TNPYEGDAVELSVESVLYVGAILEQGDTSRFNLVLRNCYATPTEDKADLVKYFIIRNSCSNQ

RDSTIHVEENGQSSESRFSVQMFMFAGHYDLVFLHCEIHLCDSLNEQCQPSCSRSQVRSE

VPAIDLARVLDLGPITRRGAQSPGVMNGTPSTAGFLVAWPMVLLTVLLAWLF

or SEQ ID NO. 3:

MPHLMERMVGSGLLWLALVSCILTQASAVQRGYGNPIEASSYGLDLDCGAPGTPEAHVCF

DPCQNYTLLDEPFRSTENSAGSQGCDKNMSGWYRFVGEGGVRMSETCVQVHRCQTDAP

MWLNGTHPALGDGITNHTACAHWSGNCCFWKTEVLVKACPGGYHVYRLEGTPWCNLRYC

TDPSTVEDKCEKACRPEEECLALNSTWGCFCRQDLNSSDVHSLQPQLDCGPREIKVKVDK

CLLGGLGLGEEVIAYLRDPNCSSILQTEERNWVSVTSPVQASACRNILERNQTHAIYKNTLSL

VNDFIIRDTILNINFQCAYPLDMKVSLQAALQPIVSSLNVSVDGNGEFIVRMALFQDQNYTNP

YEGDAVELSVESVLYVGAILEQGDTSRFNLVLRNCYATPTEDKADLVKYFIIRNSCSNQRDS

TIHVEENGQSSESRFSVQMFMFAGHYDLVFLHCEIHLCDSLNEQCQPSCSRSQVRSEVPAI

DLARVLDLGPITRRGAQSPGVMNGTPSTAGF LVAWPMVLLTVLLAWLF

or SEQ ID NO.4

MPHLMERMVGSGLLWLALVSCILTQASAVQRVPRDPSTVEDKCEKACRPEEECLALNSTW

GCFCRQDLNSSDVHSLQPQLDCGPREIKVKVDKCLLGGLGLGEEVIAYLRDPNCSSILQTEE

RNWVSVTSPVQASACRNILERNQTHAIYKNTLSLVNDFIIRDTILNINFQCAYPLDMKVSLQA

ALQPIVSSLNVSVDGNGEFIVRMALFQDQNYTNPYEGDAVELSVESVLYVGAILEQGDTSRF

NLVLRNCYATPTEDKADLVKYFIIRNSCSNQRDSTIHVEENGQSSESRFSVQMFMFAGHYD

LVFLHCEIHLCDSLNEQCQPSCSRSQVRSEVPAIDLARVLDLGPITRRGAQSPGVMNGTPS

TAGFLVAWPMVLLTVLLAWLF

Or SEQ ID NO.5

MPHLMERMVGSGLLWLALVSCILTQASAVQRDPSTVEDKCEKACRPEEECLALNSTWGCF

CRQDLNSSDVHSLQPQLDCGPREIKVKVDKCLLGGLGLGEEVIAYLRDPNCSSILQTEERN

WVSVTSPVQASACRNILERNQTHAIYKNTLSLVNDFIIRDTILNINFQCAYPLDMKVSLQAALQ

PIVSSLNVSVDGNGEFIVRMALFQDQNYTNPYEGDAVELSVESVLYVGAILEQGDTSRFNLV

LRNCYATPTEDKADLVKYFIIRNSCSNQRDSTIHVEENGQSSESRFSVQMFMFAGHYDLVFL

HCEIHLCDSLNEQCQPSCSRSQVRSEVPAIDLARVLDLGPITRRGAQSPGVMNGTPSTAGF

LVAWPMVLLTVLLAWLF

More specifically, the above peptides are required for the diagnosis of the immune diseases described above.
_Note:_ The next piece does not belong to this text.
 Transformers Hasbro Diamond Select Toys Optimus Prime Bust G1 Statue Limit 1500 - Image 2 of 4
The above sequence fulfills substantially the same function and gives substantially the same result in substantially the same manner as SEQ ID NO. 1. Therefore, they are included in the teaching given according to the present invention, i.e. the use of the GP2 molecule as a medicament, in particular in the prevention, diagnosis, treatment and/or post-disease management of inflammatory bowel diseases.
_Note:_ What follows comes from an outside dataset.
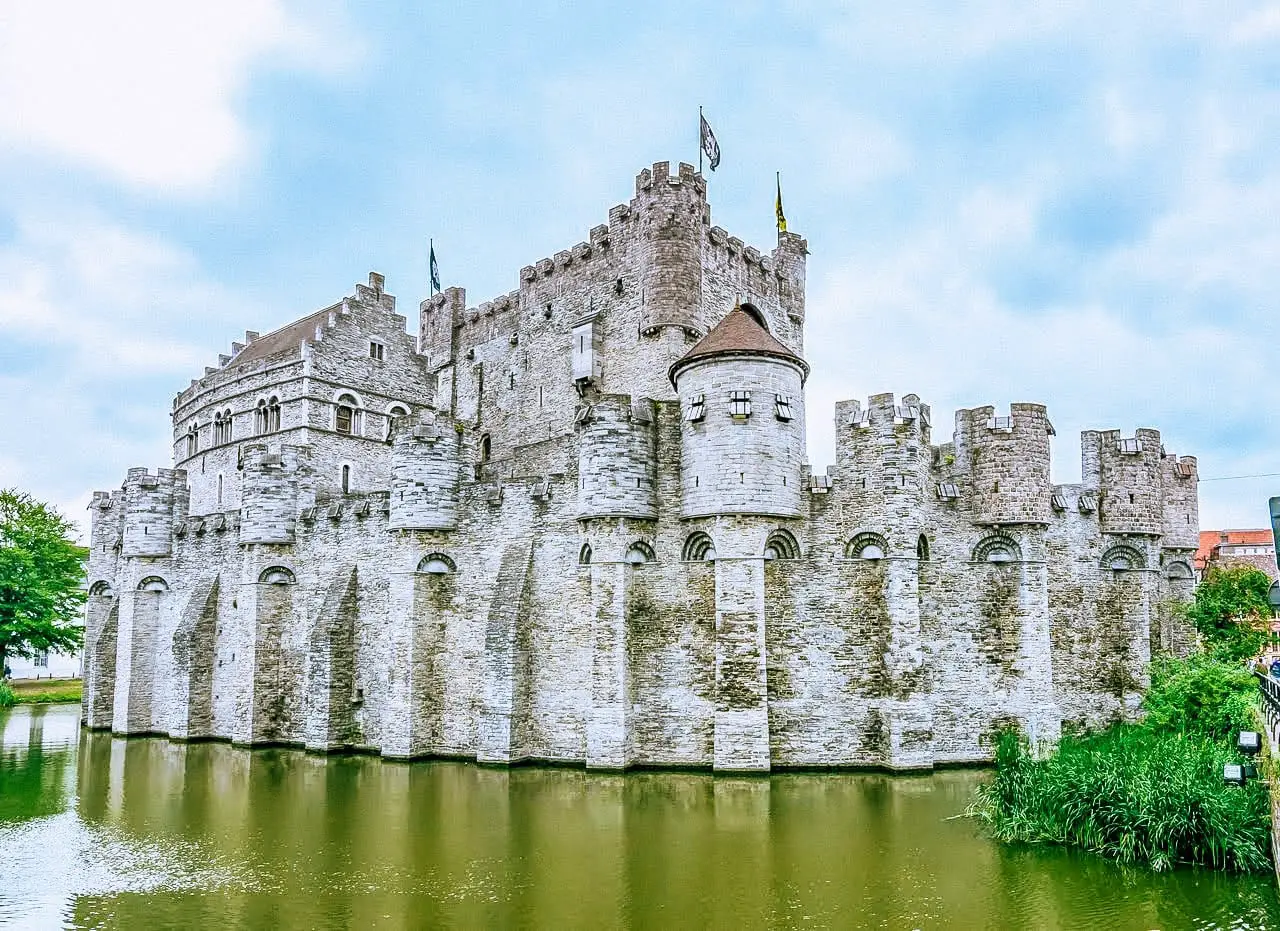 Gravensteen castle and moat in Belgium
Thus, the amino acid sequence (i.e. the peptide of the invention) may comprise a large number of additional amino acids, spacers or other structures that render them suitable for interaction with autoantibodies, preferably in such a way that they reflect an epitope for the latter. Thus, the sequences according to the invention are not limited to peptides related to antibody epitopes, but also refer to molecules and all fragments thereof that specifically interact with autoantibodies in a way that enables diagnosis of inflammatory bowel disease. Thus in a preferred embodiment the terms epitope, peptide and amino acid sequence are synonymous within the context of the present invention.

Various methods for preparing functionally similar peptides have been disclosed in the prior art. The designed peptides utilize the methods encompassed according to the teachings of the present invention starting with the peptides of the present invention. For example, one way to produce functionally similar peptides has been in the national academy of sciences journal of the United states 1998, 10.31, 9521, 12179-84(PNAS USA 1998, Oct.13, 9521, 12179-84); WO 99/6293 and/or WO 02/38592; the above teachings are incorporated into the present disclosure. That is, all peptides, fragments of peptides or structures containing peptides produced using the above-mentioned methods, starting with the peptides of the invention, achieve the objects of the invention and, more specifically, interact with pathogenic autoantibodies, are peptides according to the invention. For example, these autoantibodies may activate the receptor for a competing autoantibody.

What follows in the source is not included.